* [Task directions]
Every record below must be written out exactly. Leave out the pictures.

* [Provided records]
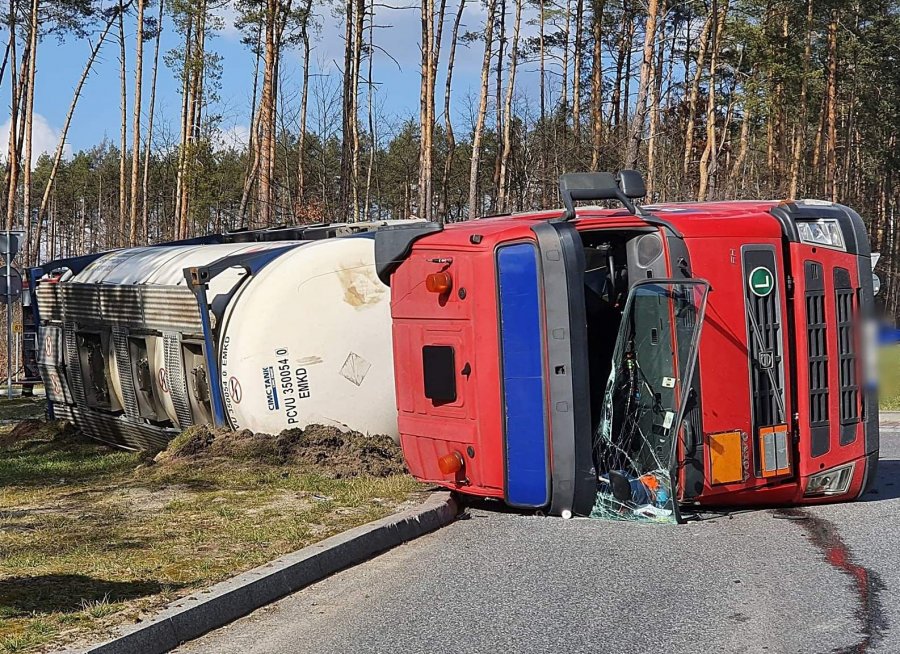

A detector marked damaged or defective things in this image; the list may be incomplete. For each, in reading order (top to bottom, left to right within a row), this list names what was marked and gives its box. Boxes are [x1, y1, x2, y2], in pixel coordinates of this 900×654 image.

overturned red truck [376, 170, 884, 524]
shattered windshield [592, 280, 712, 524]
broken glass [592, 280, 712, 524]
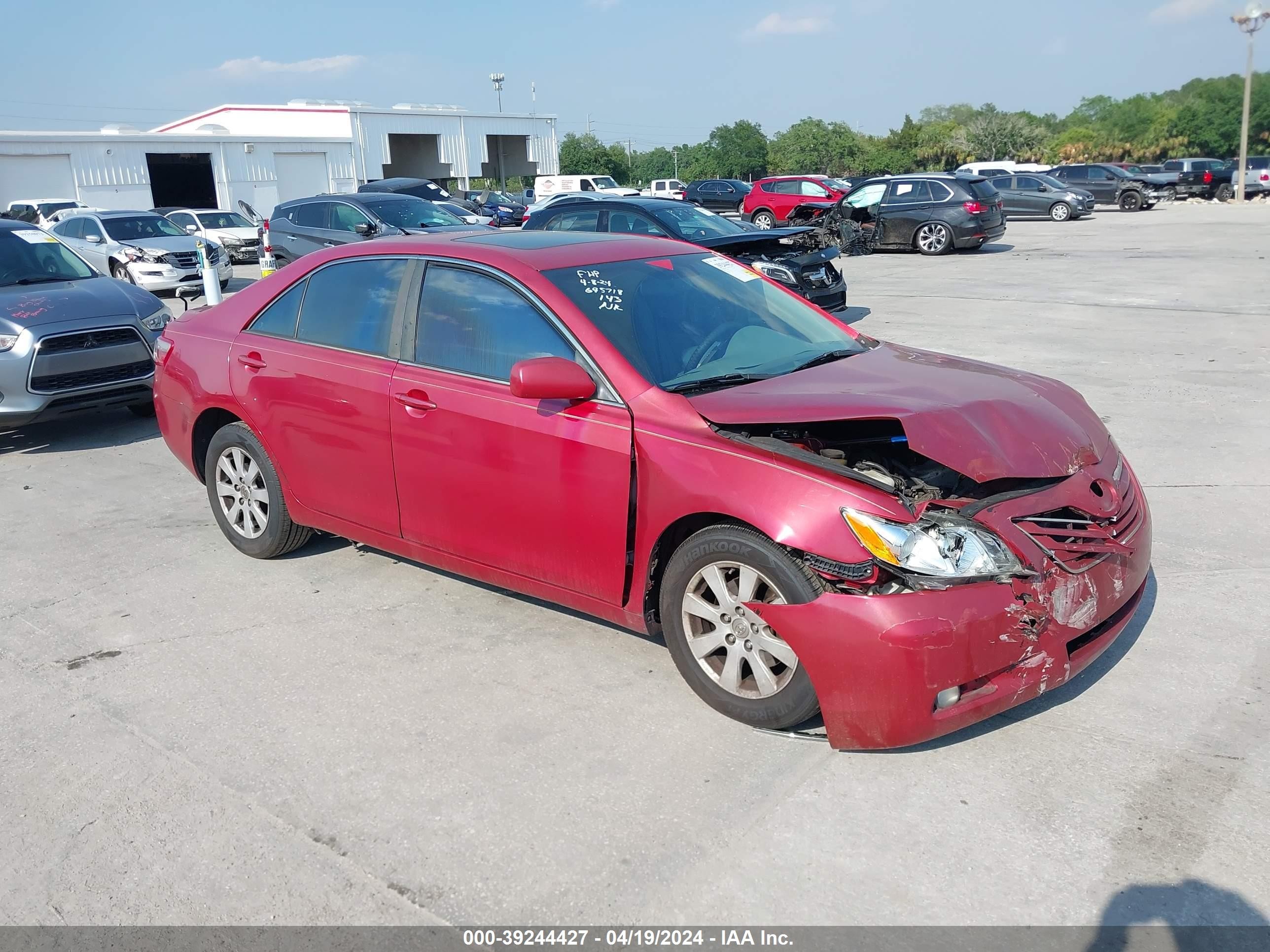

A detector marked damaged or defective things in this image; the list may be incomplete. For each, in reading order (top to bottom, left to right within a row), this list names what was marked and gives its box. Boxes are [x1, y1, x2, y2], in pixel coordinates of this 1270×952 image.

cracked headlight [140, 311, 169, 333]
damaged black suv [521, 197, 848, 309]
cracked headlight [749, 262, 801, 286]
damaged red sedan [154, 231, 1144, 753]
cracked headlight [844, 509, 1025, 579]
crumpled front bumper [745, 459, 1152, 749]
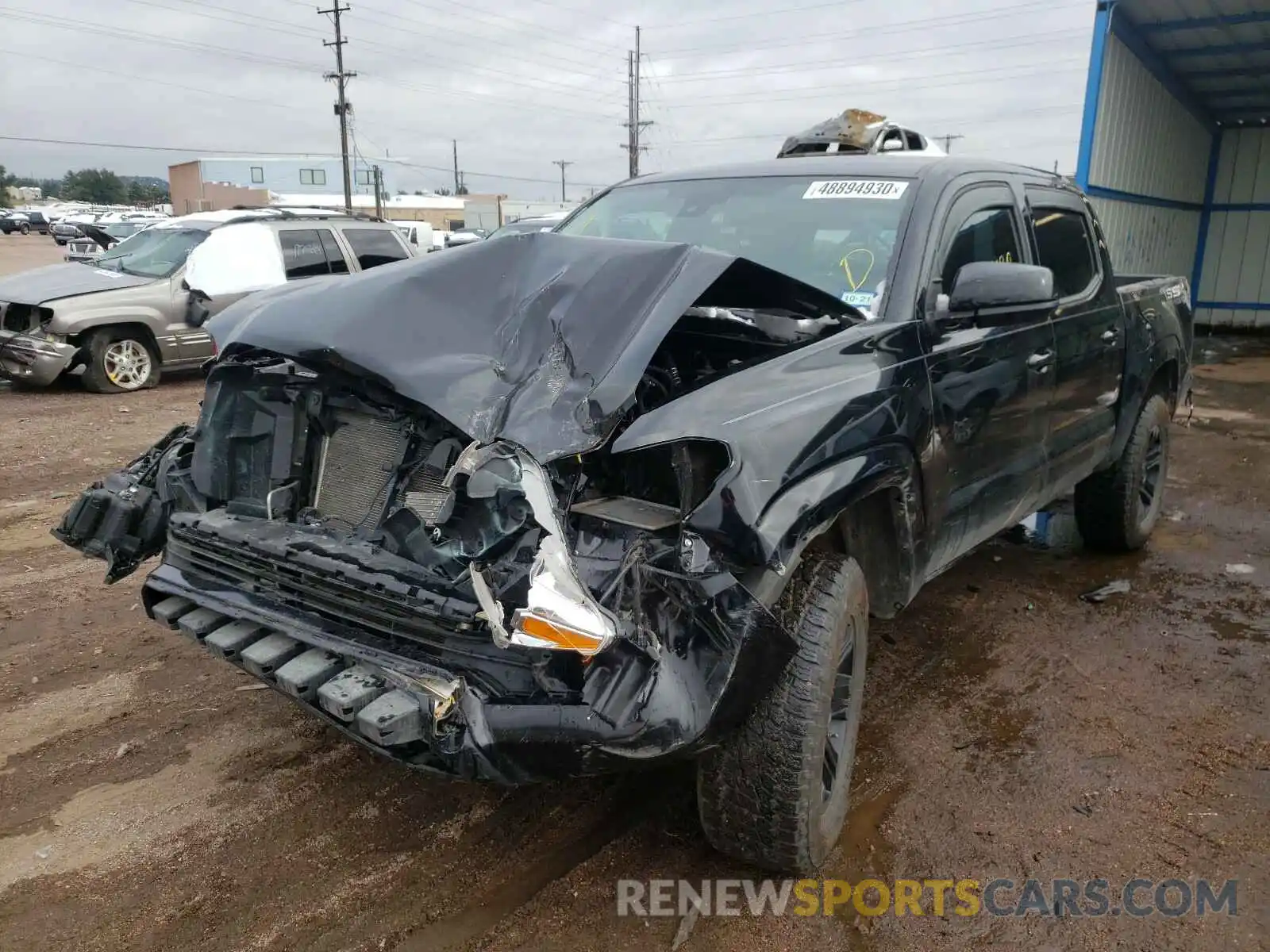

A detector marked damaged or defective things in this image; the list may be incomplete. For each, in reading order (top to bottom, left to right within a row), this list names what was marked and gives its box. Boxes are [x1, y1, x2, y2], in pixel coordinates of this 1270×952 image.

crushed hood [0, 263, 152, 303]
crushed hood [210, 227, 853, 459]
damaged gray pickup truck [57, 155, 1188, 873]
broken plastic debris [1082, 581, 1133, 604]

* [Output of the task]
A detector marked damaged or defective things in this image; the list may be incomplete. For each, in reading order (top to bottom, left to right within a row), this list names what was marked and gives its box. Boxes are [x1, y1, x2, y2], in pixel coordinates of this 900×654 image.

overturned red truck [376, 170, 884, 524]
shattered windshield [592, 280, 712, 524]
broken glass [592, 280, 712, 524]

A detector marked damaged or defective things in this image; the list may be incomplete. For each, in reading order (top to bottom, left to right within a row), this list names what was marked and gives its box. Boxes are [x1, y1, x2, y2], in pixel coordinates of this 1270×952 image.

cracked headlight [140, 311, 169, 333]
damaged black suv [521, 197, 848, 309]
cracked headlight [749, 262, 801, 286]
damaged red sedan [154, 231, 1144, 753]
cracked headlight [844, 509, 1025, 579]
crumpled front bumper [745, 459, 1152, 749]

A detector marked damaged or defective things in this image; the list may be incomplete. For each, in reading order (top to bottom, left to right within a row), this list names what was marked and gives its box. Boxes are [x1, y1, x2, y2], in pixel coordinates of this 1270×952 image.

crushed hood [0, 263, 152, 303]
crushed hood [210, 227, 853, 459]
damaged gray pickup truck [57, 155, 1188, 873]
broken plastic debris [1082, 581, 1133, 604]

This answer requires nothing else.